Now, let’s test our model and check the accuracy.

1
2
predictions = model.transform(test_data)
predictions.select("review_text", "label", "prediction").show()

To measure performance:

1
2
3
4
5
from pyspark.ml.evaluation import MulticlassClassificationEvaluator

evaluator = MulticlassClassificationEvaluator(labelCol="labelIndex", metricName="accuracy")
accuracy = evaluator.evaluate(predictions)
print(f"Model Accuracy: {accuracy:.2f}")

Step 6: Predicting Sentiment on New Text

To classify new customer reviews:

1
2
3
4
5
6
7
8
9
new_reviews = spark.createDataFrame([
    ("I love this product!",),
    ("Worst purchase ever.",),
    ("Meh, it's alright.",)
], ["review_text"])

new_reviews_transformed = idf_model.transform(hashing_tf.transform(remover.transform(tokenizer.transform(new_reviews))))
new_predictions = model.transform(new_reviews_transformed)
new_predictions.select("review_text", "prediction").show()
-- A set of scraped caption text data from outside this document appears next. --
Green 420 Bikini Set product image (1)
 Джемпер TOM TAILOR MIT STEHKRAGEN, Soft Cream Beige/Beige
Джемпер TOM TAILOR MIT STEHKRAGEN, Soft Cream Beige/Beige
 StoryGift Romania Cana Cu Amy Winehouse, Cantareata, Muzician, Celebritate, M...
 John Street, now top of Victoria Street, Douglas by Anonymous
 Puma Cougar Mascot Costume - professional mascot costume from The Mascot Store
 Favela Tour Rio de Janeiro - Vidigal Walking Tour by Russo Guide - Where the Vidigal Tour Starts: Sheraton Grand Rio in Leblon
Now, we’re taking things to the next level by integrating MLlib with PHI-2 and Llama.cpp.
This combo will give us a powerful system to summarize, classify and support question answer style prompts-interactions.

Step 1: Understanding MLlib in relation to PHI-2 and Llama.cpp

MLlib in relation to PHI-2 and Llama.cpp

PHI-2: A lightweight AI model from Microsoft, designed for low-resource LLM tasks.
Llama.cpp: A high-performance, CPU-friendly framework for running Meta’s Llama models on edge devices.
MLlib + PHI-2 + Llama.cpp: Combine Spark’s distributed ML capabilities with efficient, local AI inference for handling large-scale NLP, summarization, and text processing tasks.

Step 2: Why Integrate Spark with PHI-2 and Llama.cpp?

Feature	MLlib	PHI-2	Llama.cpp
Scalability	✅ Distributed ML	❌ Local Model	✅ Efficient Execution
Ease of Use	✅ Built-in ML Algorithms	✅ Pre-trained NLP Model	✅ Runs on CPU
Low Latency	❌ (Distributed Overhead)	✅ (Optimized for Speed)	✅ (Minimal Compute Requirements)
AI Workloads	✅ General ML & NLP	✅ NLP Tasks	✅ LLM Inference

Real-World Use Cases

🚀 Summarizing Large Datasets (PHI-2 can summarize documents before MLlib classifies them)
📊 AI-Powered Data Analysis (Llama.cpp can generate insights from Spark-based logs)
⚡ Real-Time NLP Processing (Combine all three for distributed inference)

Step 3: Setting Up Spark with PHI-2 and Llama.cpp

1. Install Dependencies

1
pip install pyspark llama-cpp-python transformers torch

2. Initialize Spark

1
2
3
4
5
from pyspark.sql import SparkSession

spark = SparkSession.builder \
    .appName("Spark+PHI2+Llama") \
    .getOrCreate()

3. Load Documents into Spark

1
document_df = spark.read.text("~/spark_documents/*")

4. Run PHI-2 for Text Summarization

 1
 2
 3
 4
 5
 6
 7
 8
 9
10
11
12
13
14
15
16
17
18
from transformers import AutoTokenizer, AutoModelForSeq2SeqLM

# Load PHI-2 Model
tokenizer = AutoTokenizer.from_pretrained("microsoft/phi-2")
model = AutoModelForSeq2SeqLM.from_pretrained("microsoft/phi-2")

def summarize_text(text):
    inputs = tokenizer(text, return_tensors="pt", max_length=512, truncation=True)
    summary_ids = model.generate(inputs["input_ids"], max_length=100)
    return tokenizer.decode(summary_ids[0], skip_special_tokens=True)

# Apply summarization to Spark DataFrame
from pyspark.sql.functions import udf
from pyspark.sql.types import StringType

summarize_udf = udf(summarize_text, StringType())
document_df = document_df.withColumn("summary", summarize_udf(document_df.value))
document_df.show()

5. Run Llama.cpp for Question Answering

 1
 2
 3
 4
 5
 6
 7
 8
 9
10
11
12
from llama_cpp import Llama

# Load Llama-2 model
llm = Llama(model_path="llama-2-7b.Q4_K.gguf")

def answer_question(text, question):
    response = llm(f"{text}\n\nQuestion: {question}\nAnswer:")
    return response["choices"][0]["text"].strip()

answer_udf = udf(lambda text: answer_question(text, "What is this document about?"), StringType())
document_df = document_df.withColumn("llama_answer", answer_udf(document_df.value))
document_df.show()

Step 4: Benefits of This Setup

✅ Scalability: Spark processes large-scale data efficiently.
✅ Efficiency: PHI-2 compresses large text before MLlib processes it.
✅ Edge Deployment: Llama.cpp runs LLM inference on local machines (no GPU required).
✅ AI-Driven Insights: Enables AI-powered NLP tasks directly within Spark.